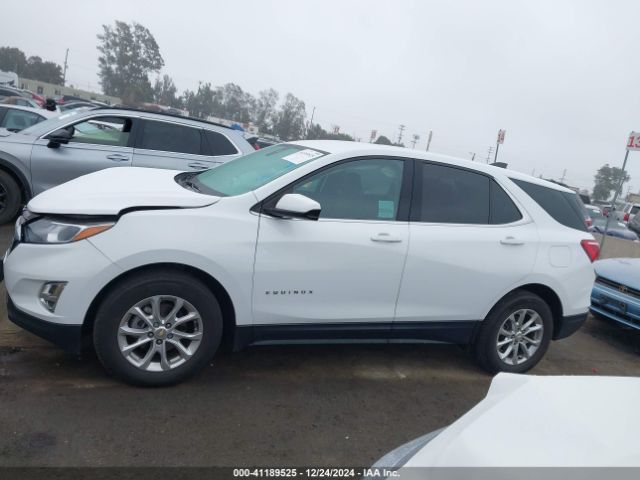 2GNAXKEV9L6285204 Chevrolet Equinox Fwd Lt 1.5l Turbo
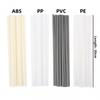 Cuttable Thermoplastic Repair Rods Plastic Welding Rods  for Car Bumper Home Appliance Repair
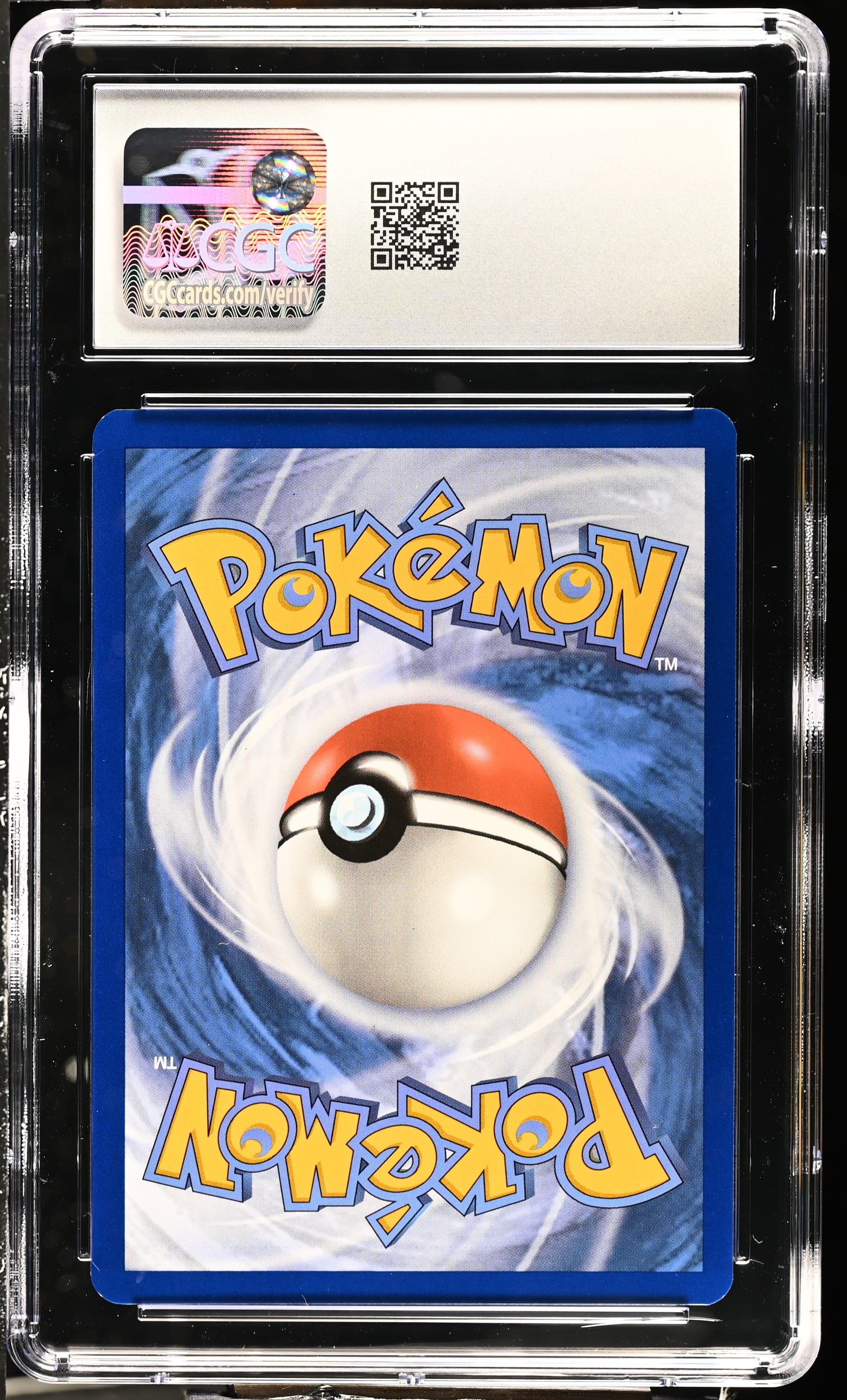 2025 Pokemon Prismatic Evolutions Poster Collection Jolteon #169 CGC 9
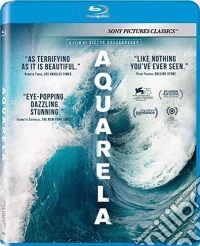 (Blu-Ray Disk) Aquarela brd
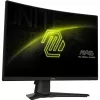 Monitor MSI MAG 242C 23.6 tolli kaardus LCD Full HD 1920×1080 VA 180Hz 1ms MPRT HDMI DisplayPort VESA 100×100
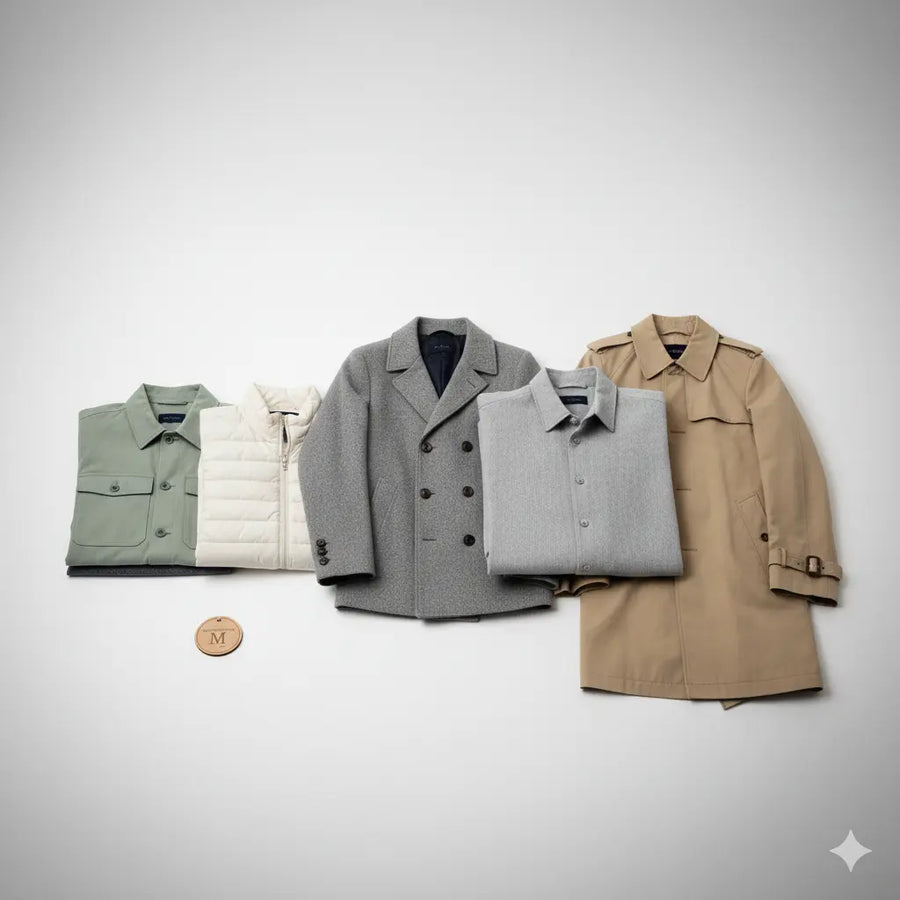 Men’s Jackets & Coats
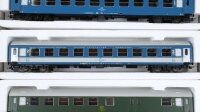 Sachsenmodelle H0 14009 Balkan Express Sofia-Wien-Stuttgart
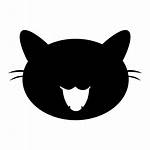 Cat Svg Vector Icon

--

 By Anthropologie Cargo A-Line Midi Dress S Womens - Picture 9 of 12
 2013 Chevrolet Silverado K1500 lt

» TASK DESCRIPTION
Going by the data above, the answer is exactly the lines from the one holding "Monitor MSI MAG" to the one holding "Cat Svg Vector Icon", both kept, with the pictures left out.

» EXERCISE OUTPUT
 Monitor MSI MAG 242C 23.6 tolli kaardus LCD Full HD 1920×1080 VA 180Hz 1ms MPRT HDMI DisplayPort VESA 100×100
 Men’s Jackets & Coats
 Sachsenmodelle H0 14009 Balkan Express Sofia-Wien-Stuttgart
 Cat Svg Vector Icon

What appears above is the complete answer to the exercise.